Task description: Although the listing contains pictures, reproduce only its text, exactly as written.

Data for processing:
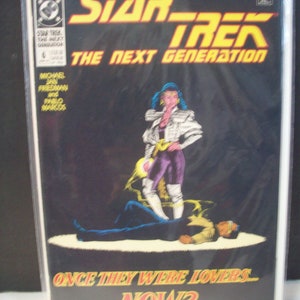 May include: A comic book cover featuring a woman in a white jacket and purple pants standing over a man lying on the ground. The cover is black with yellow text that reads "Star Trek: The Next Generation" and "Once They Were Lovers... Now?"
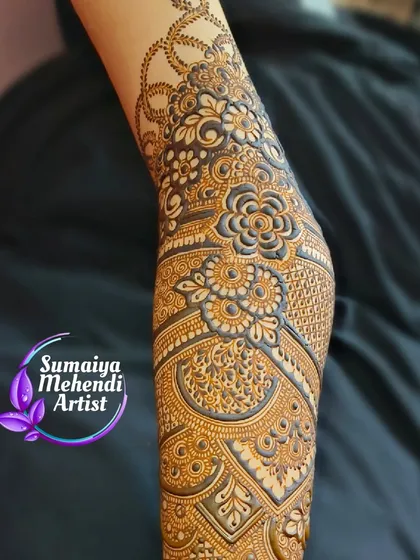 A close up of the arm from a full bridal set. The floral patterns are shaded to create depth, and the leafy vine wraps beautifully around the arm.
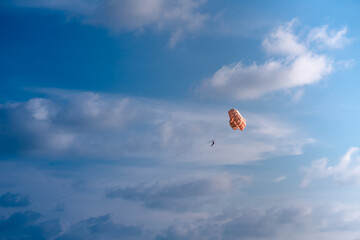 Parasailing in blue sky. Sports, active leisure, travel, vacation concept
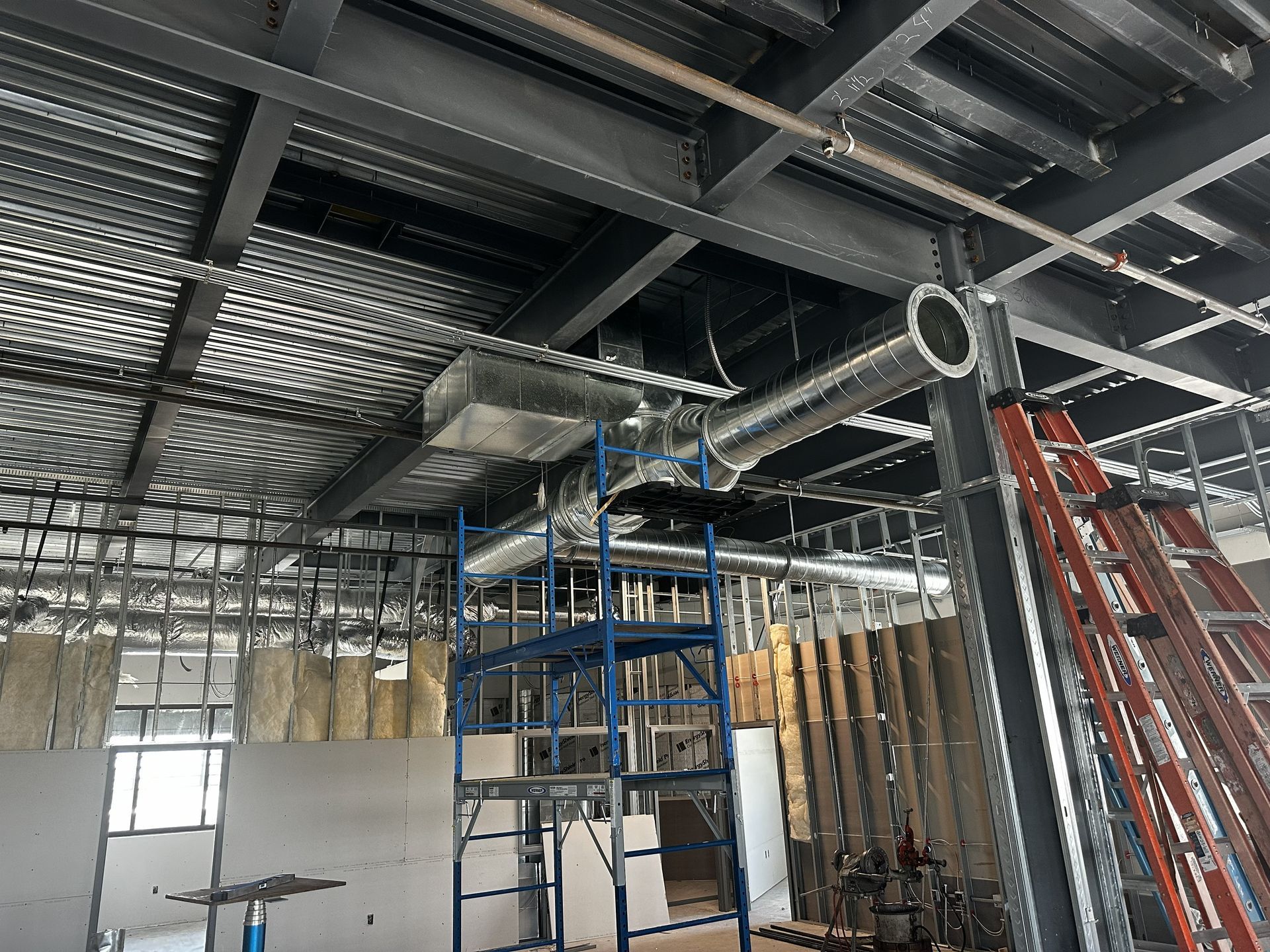 Construction site interior with exposed ductwork, metal beams, scaffolding, and ladder.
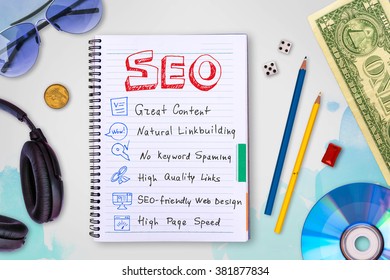 Seo and web development tips collection in a notebook, creative idea concept background with watercolor splashes, cd disk, headphones, dollar, dice photo collage, top view, flat lie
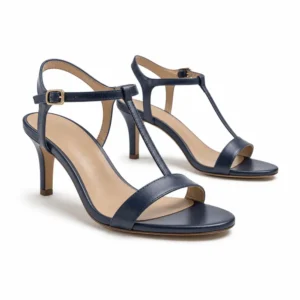Private label T Bar ankle strap dress sandal in a deep navy studio presentation, shown from a front three-quarter angle for brands, wholesalers, retailers, importers and B2B footwear sourcing.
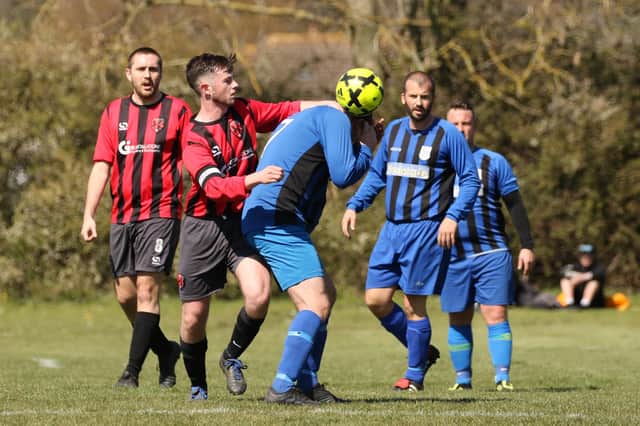 Jonny McMullen (red/black, second left) was 'amazed' he didn't score with a header as Rowner Rovers stunned Mid-Solent League Division 2 champions-elect Carberry 2-1. Pic: Kevin Shipp
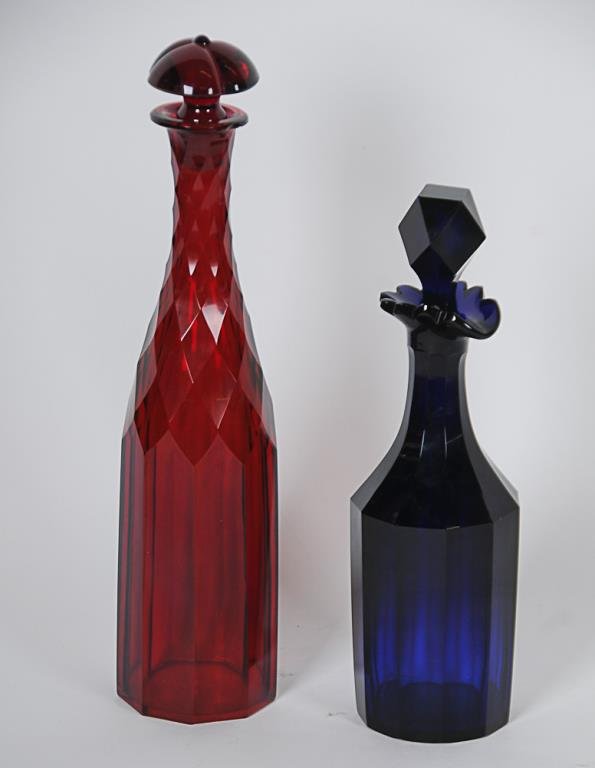 Cobalt & Ruby Cut Glass Decanters Paneled cobalt: Paneled cobalt decanter with spout and scalloped rim, 16-point star cut to base, faceted stopper, 11"H, several small chips to cut edges of stopper, flea bite chips to cut edges and bottom rim of deca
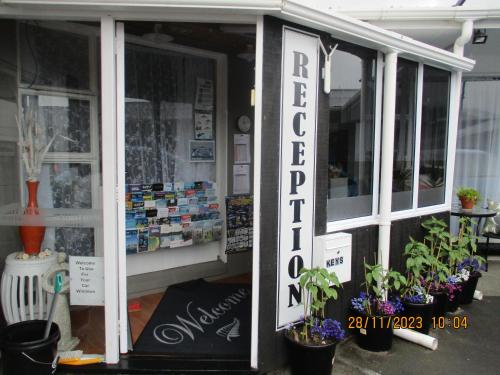 a flower shop with plants in the front of it at High Street Living Motel in Picton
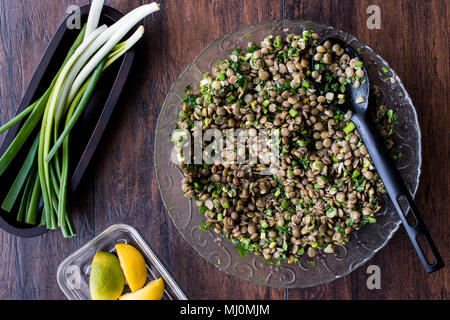 Linsensalat in eine Glasschüssel auf einer hölzernen Oberfläche. Stockfoto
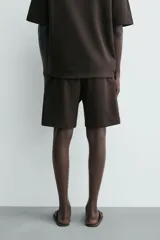 Bermuda estilo jogger de ajuste relajado, color negro, confeccionada en tejido interlock de algodón. Cuenta con cintura elástica ajustable mediante cordón, bolsillos delanteros tipo vivo y diseño liso.
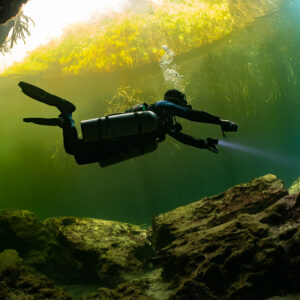 Sidemount diver gliding under a cavern arch toward green daylight, Casa Cenote, Quintana Roo, Mexico
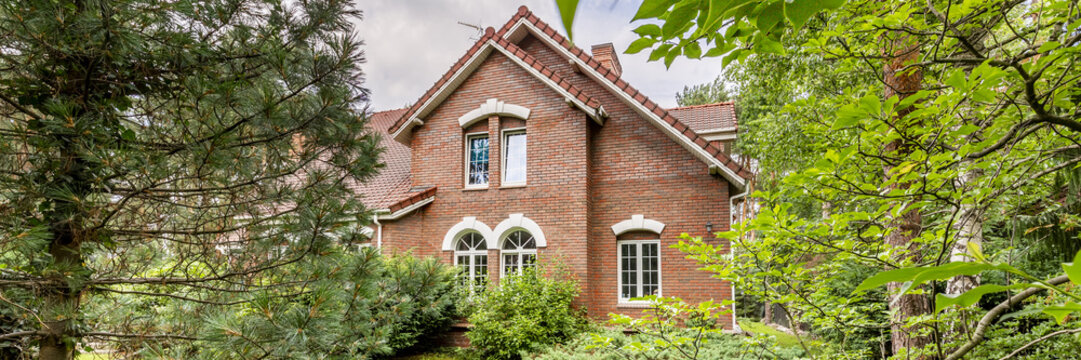English residence with red brick wall and windows in the forest. Real photo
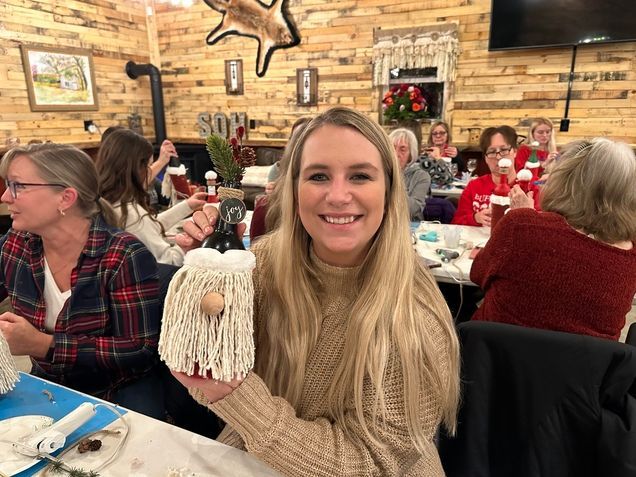 A woman is sitting at a table holding a gnome.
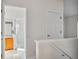 Entryway to bathroom featuring shower and sink, next to stairway at 13310 Thoroughbred Loop, Largo, FL 33773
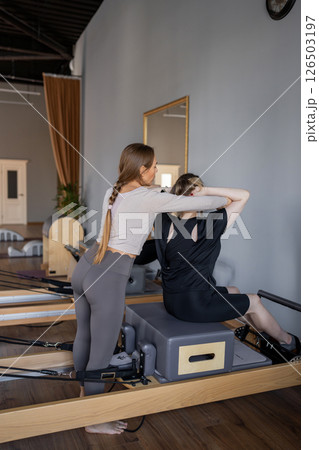 Woman doing rotation exercise on Pilates Reformer for the chest and back muscles, focusing on flexibility, strength, and control with determination 126503197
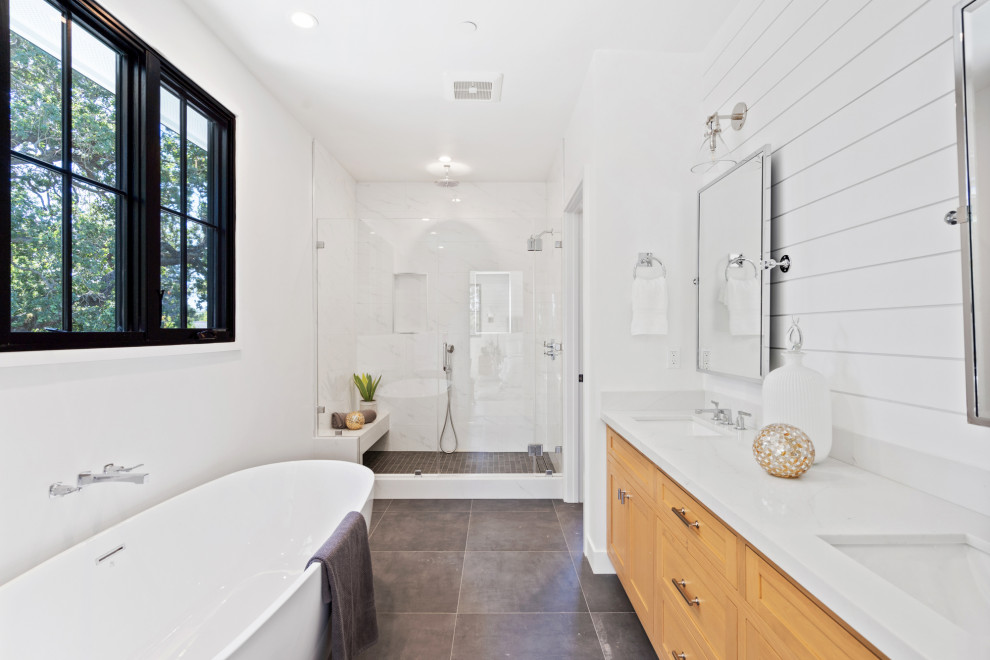 This is an example of a transitional master bathroom in San Francisco with shaker cabinets, medium wood cabinets, a freestanding tub, an alcove shower, white walls, an undermount sink, grey floor, a hinged shower door, white benchtops, a shower seat, a double vanity, a built-in vanity and planked wall panelling.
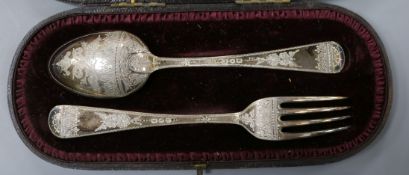 A cased Victorian silver christening fork and spoon, G.M. Jackson, London, 1889.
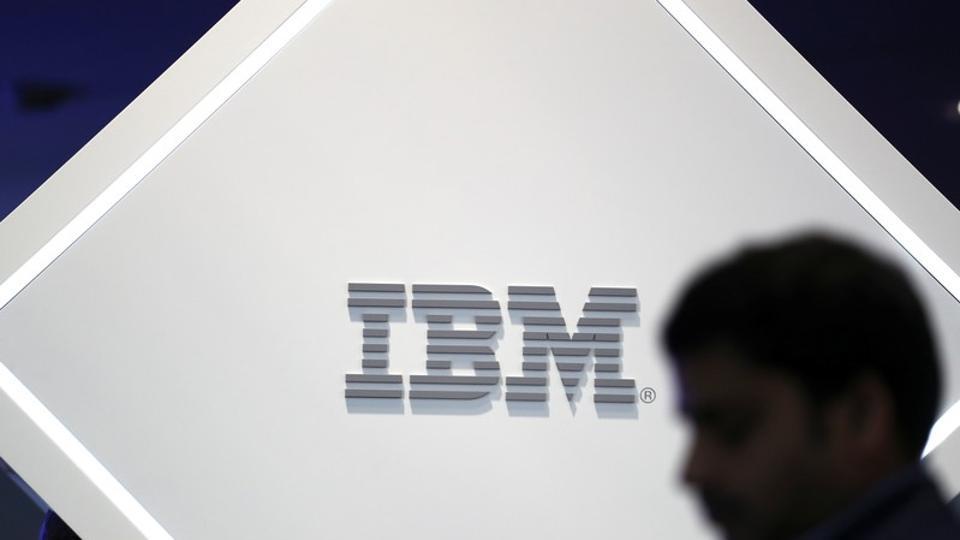 A man stands near an IBM logo at the Mobile World Congress in Barcelona, Spain, February 25, 2019.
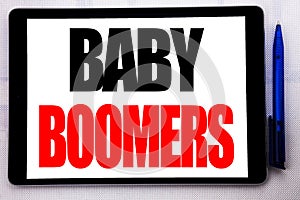 Conceptual hand writing text caption inspiration showing Baby Boomers. Business concept for Demographic Generation written on tabl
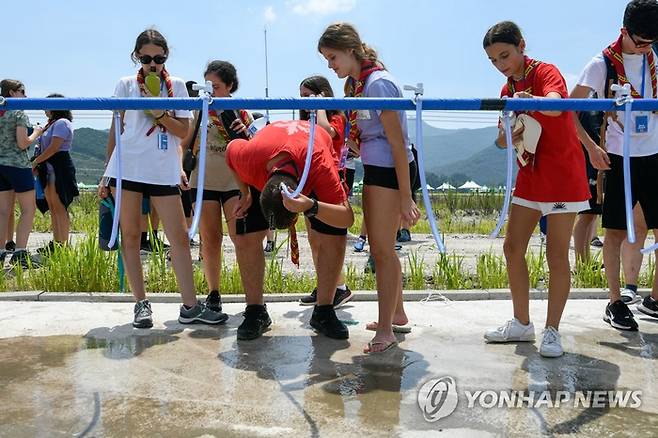2023 새만금 세계잼버리에 참가한 스카우트 대원들이 지난 1일 수돗가에서 물을 적시며 더위를 식히고 있다. [사진 = 연합뉴스]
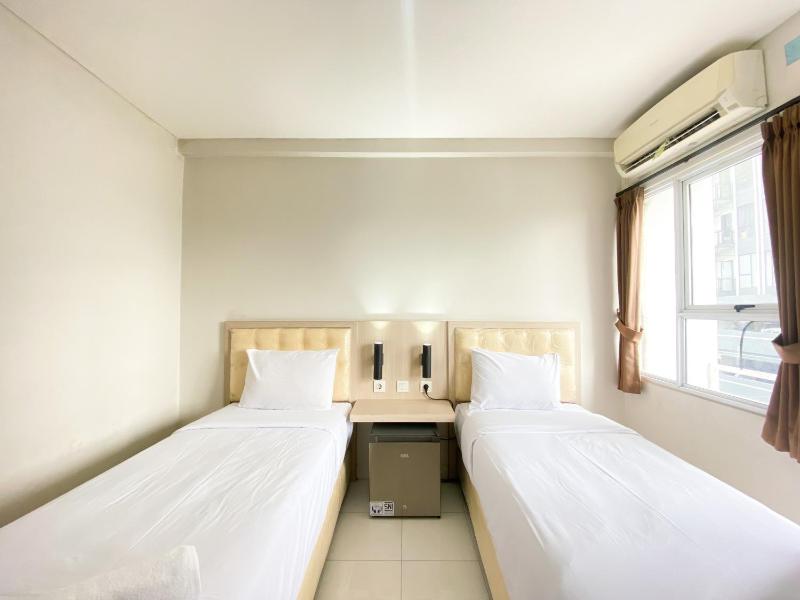 Comfort and Homey Studio Room (No Kitchen) Elvis Tower Apartment By Travelio - image 1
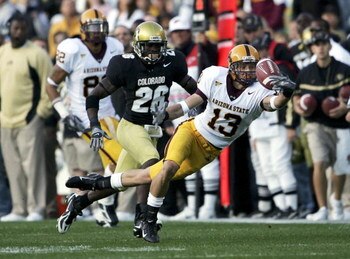 BOULDER, CO - SEPTEMBER 16:  Chris McGaha #13 of the Arizona State Sun Devils is unable to hang onto a pass as Terrence Wheatley #26 of the University of Colorado Buffaloes defends at Folsom Field on September 16, 2006 in Boulder, Colorado.  (Photo by Dou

Answer to the problem:
 May include: A comic book cover featuring a woman in a white jacket and purple pants standing over a man lying on the ground. The cover is black with yellow text that reads "Star Trek: The Next Generation" and "Once They Were Lovers... Now?"
 A close up of the arm from a full bridal set. The floral patterns are shaded to create depth, and the leafy vine wraps beautifully around the arm.
 Parasailing in blue sky. Sports, active leisure, travel, vacation concept
 Construction site interior with exposed ductwork, metal beams, scaffolding, and ladder.
 Seo and web development tips collection in a notebook, creative idea concept background with watercolor splashes, cd disk, headphones, dollar, dice photo collage, top view, flat lie
Private label T Bar ankle strap dress sandal in a deep navy studio presentation, shown from a front three-quarter angle for brands, wholesalers, retailers, importers and B2B footwear sourcing.
 Jonny McMullen (red/black, second left) was 'amazed' he didn't score with a header as Rowner Rovers stunned Mid-Solent League Division 2 champions-elect Carberry 2-1. Pic: Kevin Shipp
 Cobalt & Ruby Cut Glass Decanters Paneled cobalt: Paneled cobalt decanter with spout and scalloped rim, 16-point star cut to base, faceted stopper, 11"H, several small chips to cut edges of stopper, flea bite chips to cut edges and bottom rim of deca
 a flower shop with plants in the front of it at High Street Living Motel in Picton
 Linsensalat in eine Glasschüssel auf einer hölzernen Oberfläche. Stockfoto
 Bermuda estilo jogger de ajuste relajado, color negro, confeccionada en tejido interlock de algodón. Cuenta con cintura elástica ajustable mediante cordón, bolsillos delanteros tipo vivo y diseño liso.
 Sidemount diver gliding under a cavern arch toward green daylight, Casa Cenote, Quintana Roo, Mexico
English residence with red brick wall and windows in the forest. Real photo
 A woman is sitting at a table holding a gnome.
 Entryway to bathroom featuring shower and sink, next to stairway at 13310 Thoroughbred Loop, Largo, FL 33773
 Woman doing rotation exercise on Pilates Reformer for the chest and back muscles, focusing on flexibility, strength, and control with determination 126503197
 This is an example of a transitional master bathroom in San Francisco with shaker cabinets, medium wood cabinets, a freestanding tub, an alcove shower, white walls, an undermount sink, grey floor, a hinged shower door, white benchtops, a shower seat, a double vanity, a built-in vanity and planked wall panelling.
 A cased Victorian silver christening fork and spoon, G.M. Jackson, London, 1889.
 A man stands near an IBM logo at the Mobile World Congress in Barcelona, Spain, February 25, 2019.
 Conceptual hand writing text caption inspiration showing Baby Boomers. Business concept for Demographic Generation written on tabl
2023 새만금 세계잼버리에 참가한 스카우트 대원들이 지난 1일 수돗가에서 물을 적시며 더위를 식히고 있다. [사진 = 연합뉴스]
 Comfort and Homey Studio Room (No Kitchen) Elvis Tower Apartment By Travelio - image 1
 BOULDER, CO - SEPTEMBER 16:  Chris McGaha #13 of the Arizona State Sun Devils is unable to hang onto a pass as Terrence Wheatley #26 of the University of Colorado Buffaloes defends at Folsom Field on September 16, 2006 in Boulder, Colorado.  (Photo by Dou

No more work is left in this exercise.